Lectura de los acontecimientos de Crimea

Crimea

Los resultados del domingo en el referéndum de secesión organizado en Crimea, no han sido una sorpresa para nadie. El sí a la unión con Rusia ha triunfado masivamente. Ahora le toca mover ficha a Putin. Las turbulencias en el este de Europa han provocado en las últimas semanas diversas reacciones, de pensadores, escritores y periodistas que tratan de escudriñar las consecuencias de esta complicada partida de ajedrez. Un ejemplo es el artículo de Natham Gardels “Por qué Putin quiere apoderarse de Crimea”, publicado por el diario El País la semana pasada. He aquí algunas de las ideas que plantea el autor.

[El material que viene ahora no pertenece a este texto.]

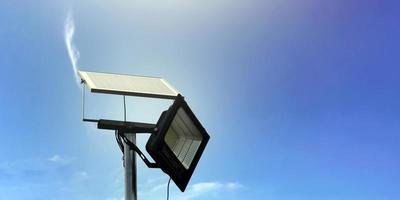 Mini-Solar- oder Photovoltaikzellen-Panel, installiert auf Metallmast mit Flutlicht-LED, verschwommener, bewölkter und blauer Hintergrund, Konzept zur Nutzung natürlicher Energie aus der Sonne im täglichen Leben des Menschen. foto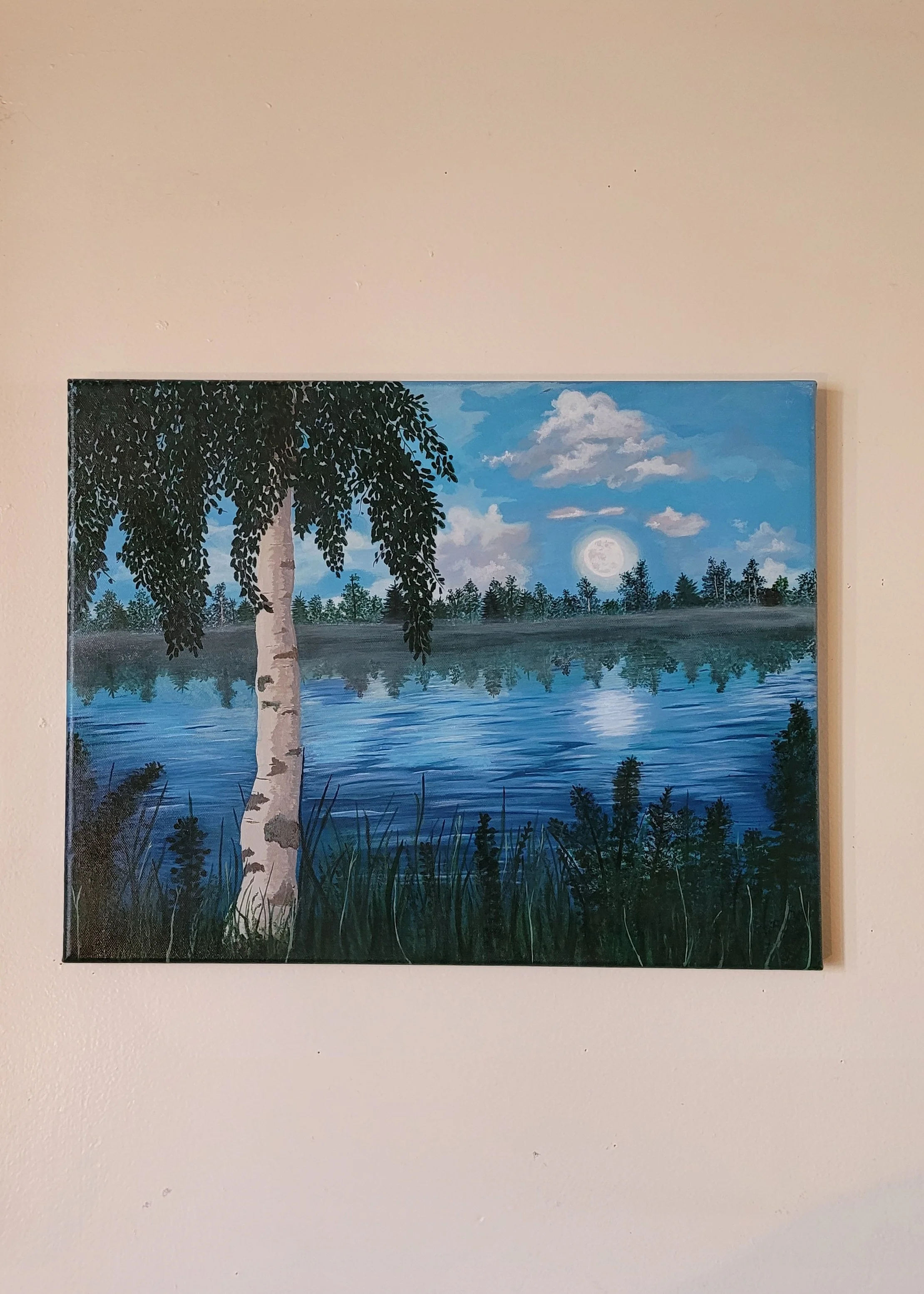 A painting of a lakeside scene at night featuring a birch tree in the foreground, calm water reflecting the moon and clouds, with a forest in the background and a clear blue sky. Hidden Bigfoot.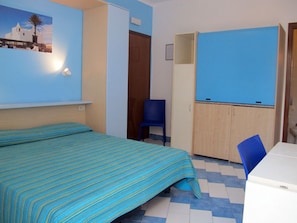 A room with a bed, a blue chair, a wardrobe, and a small table. - Residence Villa Marinù (Forio)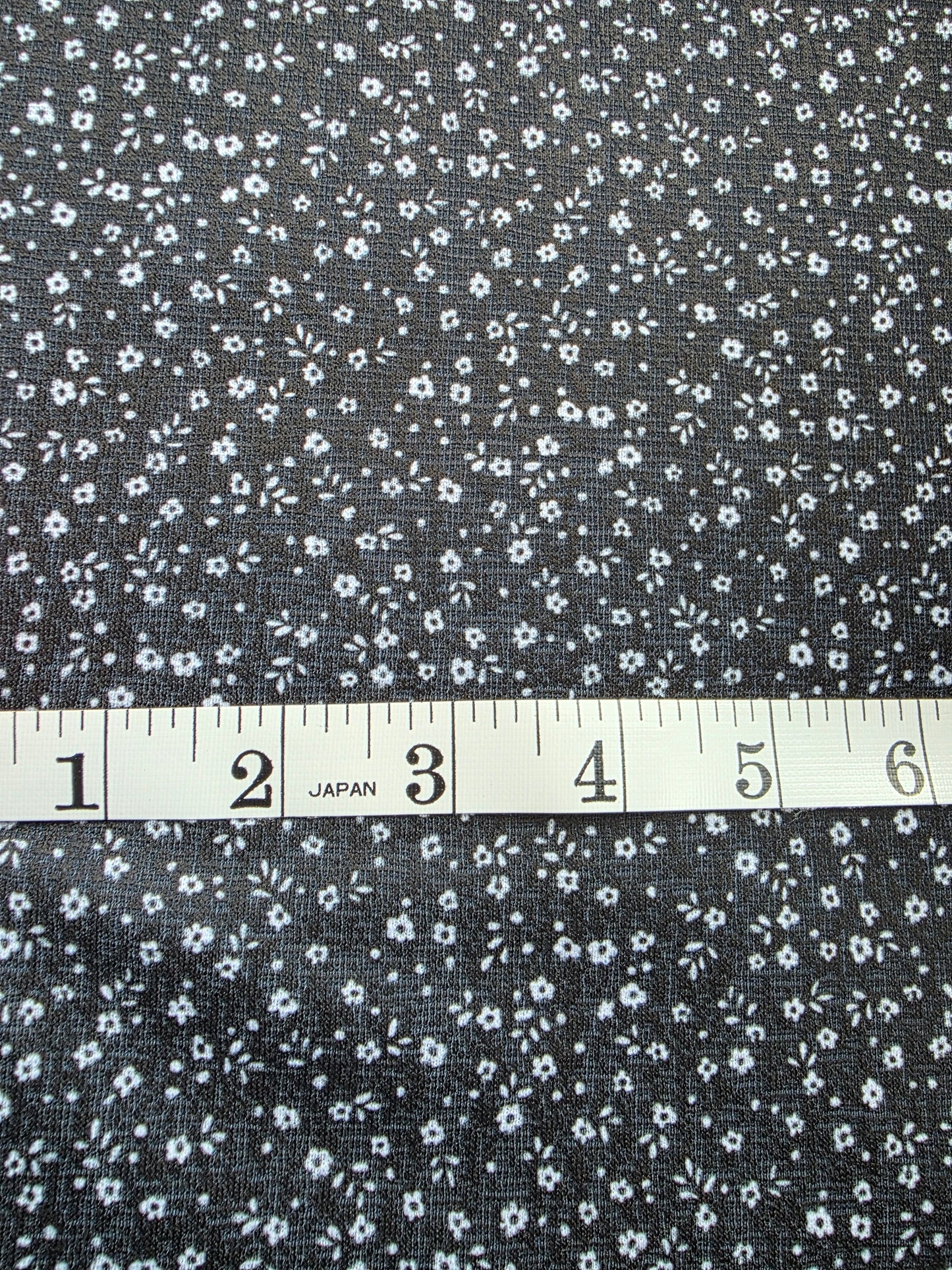 Black Tiny Floral Eggshell Knit | Sold By The Half Yard
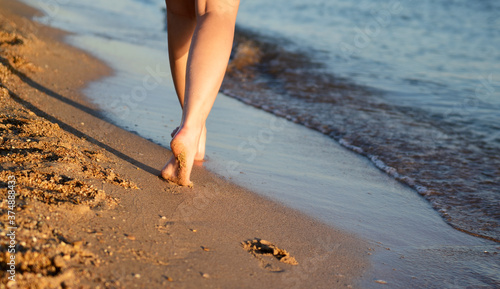 a young girl walks barefoot on the wet sand along the sea shore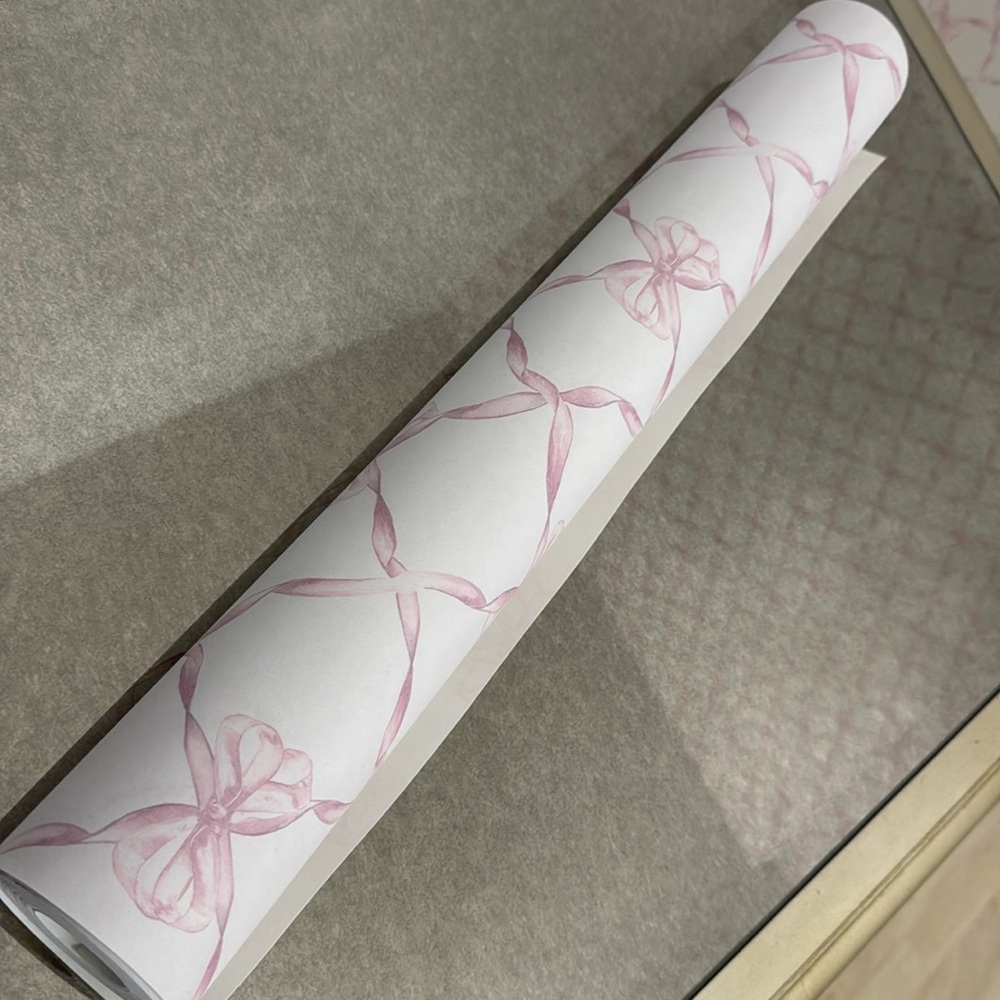 Roll of Baby bow faded primerose ribbon trellis wallpaper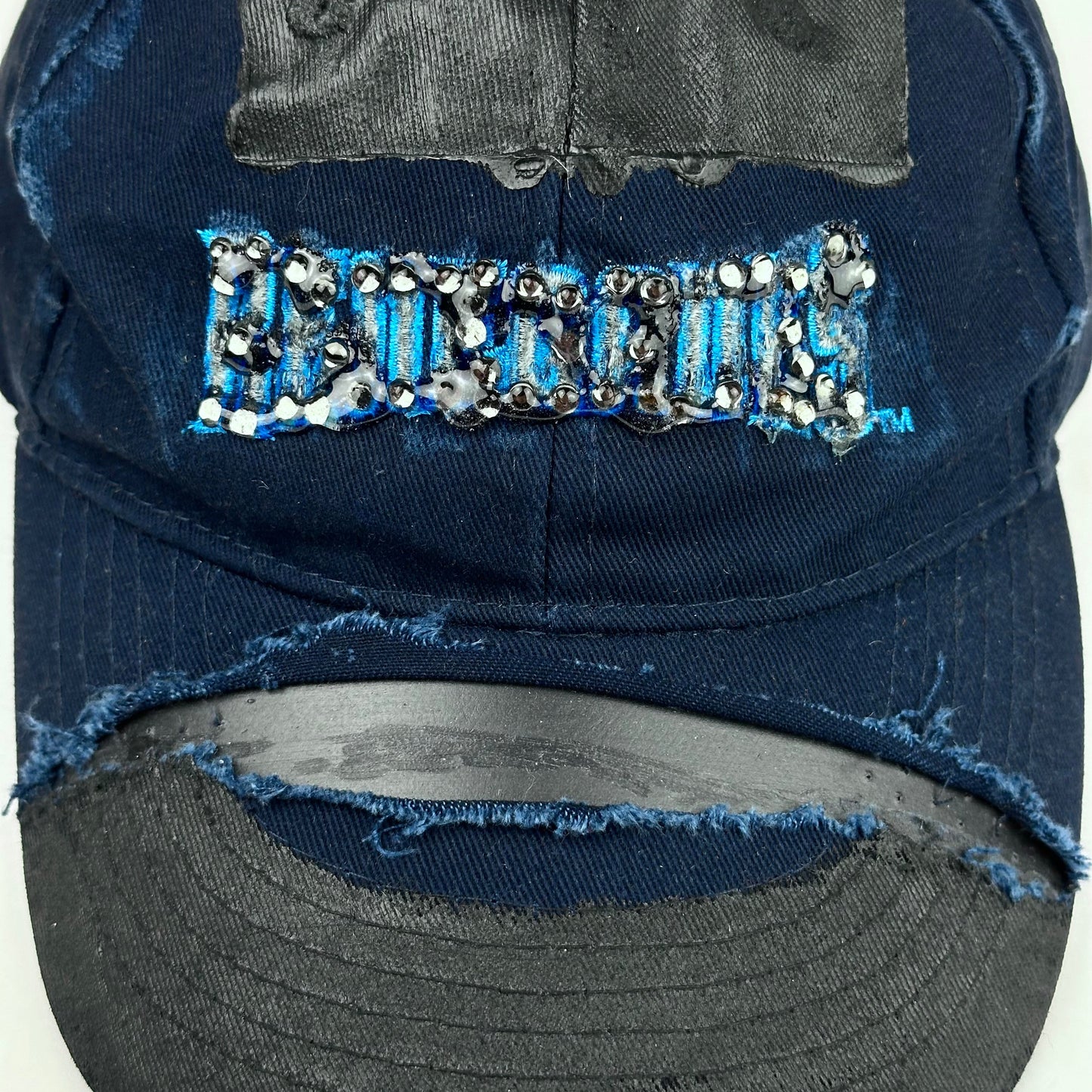 Close up product shot of ASTROBOI* x Renegades navy distressed hat with resin-sealed rhinestones and tattoo-style paint details. One-of-one custom piece made in NYC.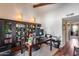 Home office with built-in shelving, hardwood floors, and a view to another living space at 4242 N 44Th St, Phoenix, AZ 85018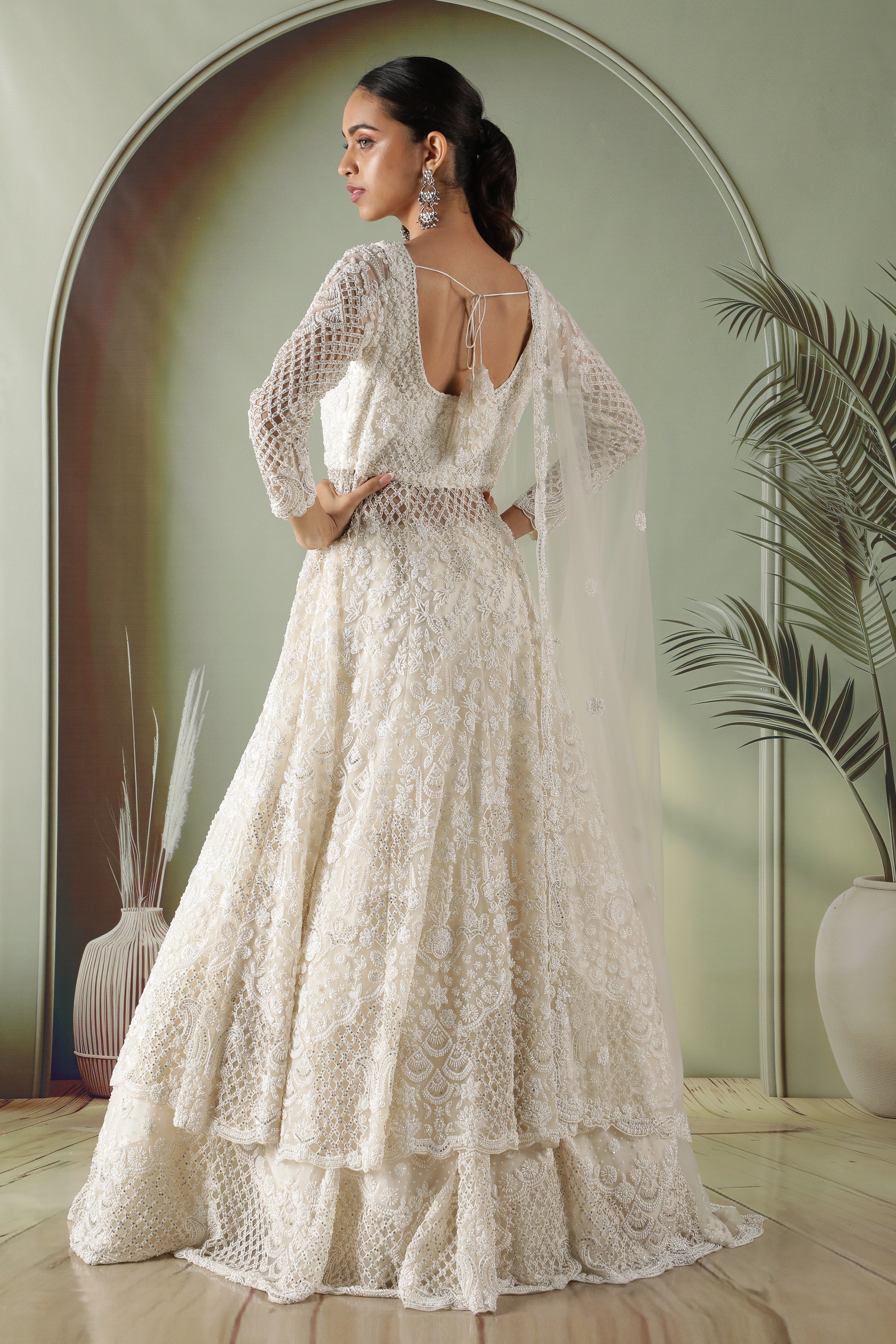 Radiant Pearl Cutwork Net Jacket Lehenga Set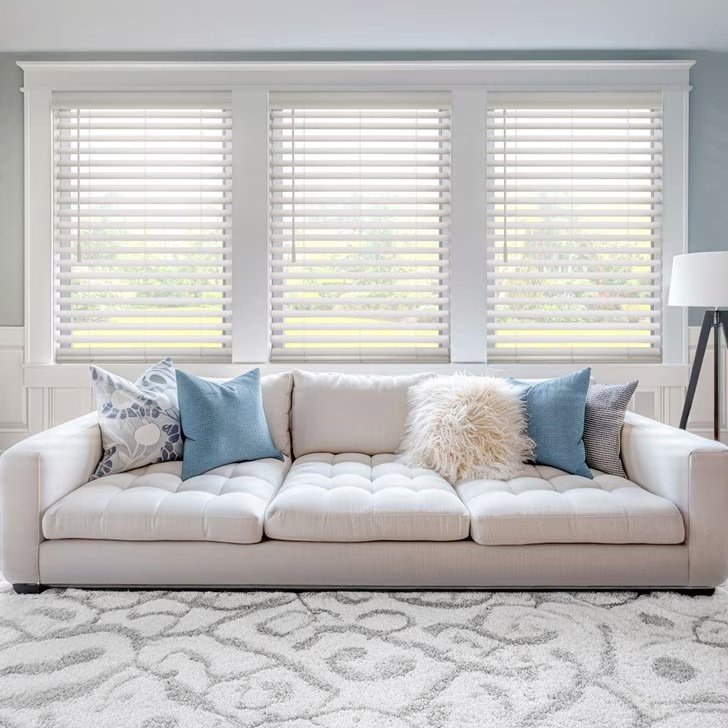 White custom blinds installed in a bedroom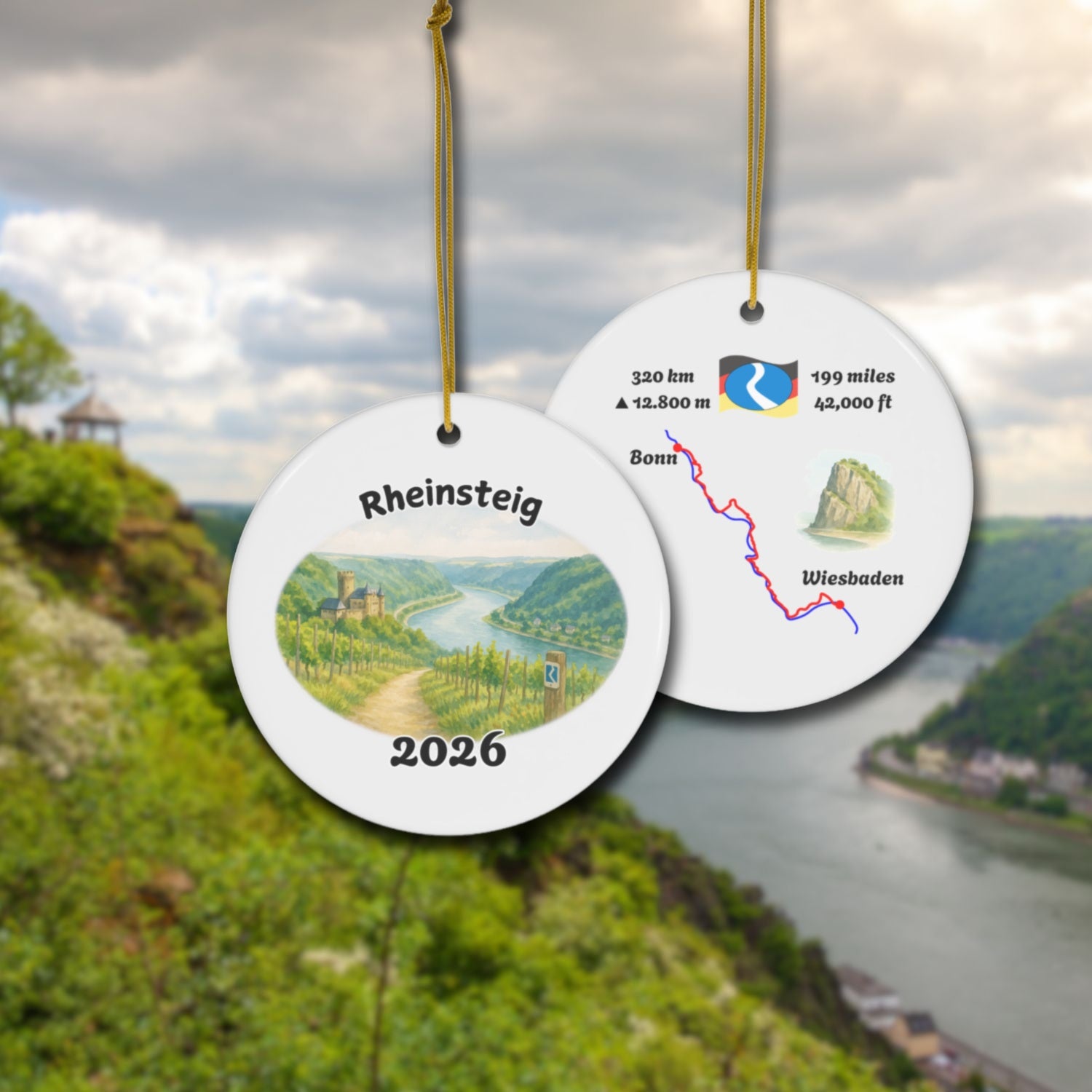 Rheinsteig ceramic ornament with watercolor landscape shown front and back in front of trail landscape.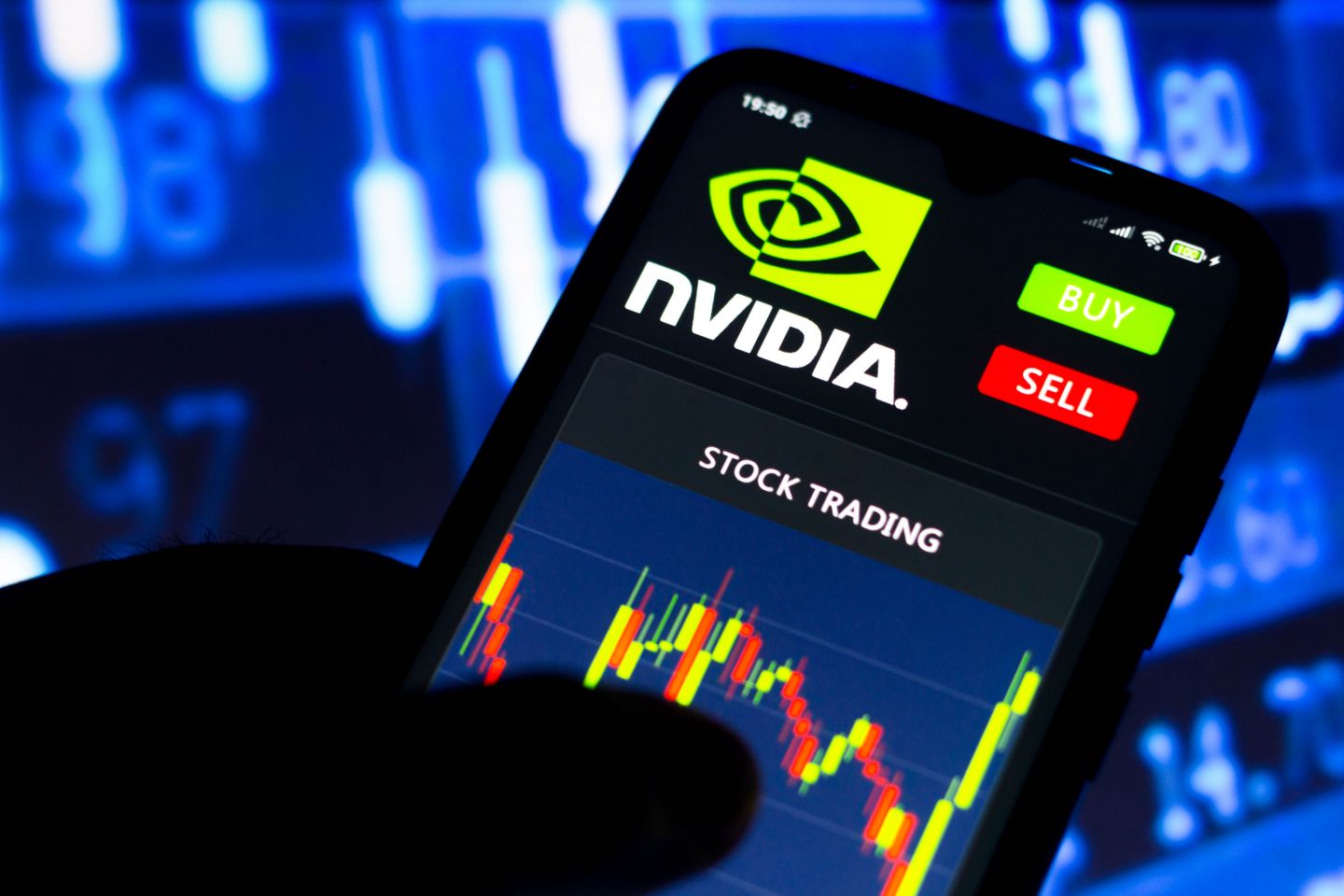 Nvidia stock split Candle charts showing Nvidia’s stock price are displayed on a mobile screen with Nvidia logo on top. There are blurred candle charts going up and down in the background.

  1. Convergencia de los modelos de crecimiento. Sin embargo,  la consecuencia no ha sido un mundo más plano o equilibrado, sino un resurgimiento de nuevas potencias que han reafirmado su identidad cultural (Rusia, Turquía, India y sobre todo China). En la globalización neoliberal nadie tiene las riendas absolutas del nuevo orden. 
  2. El nuevo nacionalismo de las potencias emergentes es una consecuencia de la humillación real o imaginaria infundida  por “Occidente”. 
  3. Tras el final de la Guerra Fría y la desintegración de la URSS, el presidente ruso trata de reconstruir el espacio de influencia de su país y reforzar su identidad cultural euroasiática. Recurre a pensadores  como Nikolai Berdiaev, Vladímir Soloviev e Iván Ilyin, pertenecientes a la corriente del renacimiento cultural ruso de principios del Siglo XX.
  4. Putin recoge el resentimiento anti-occidental de parte del pueblo ruso, resentimiento que han manifestado incluso dos personajes muy queridos en Occidente, como Solzhenitsyn y Gorbachov. El primero, a pesar de ser un declarado anticomunista, se horrorizó al advertir las consecuencias morales de la caída de la URSS. Según Solzhenitsyn  el occidentalismo consumista y las libertades ponían en peligro el alma rusa. Por su parte Gorbachov,  se quejaba de que Estados Unidos le había traicionado incumpliendo sus promesas en lo referente al nuevo equilibrio de poder, pactado tras el final de la Guerra Fría: restricción en la ampliación de la OTAN, orden multilateral etc. 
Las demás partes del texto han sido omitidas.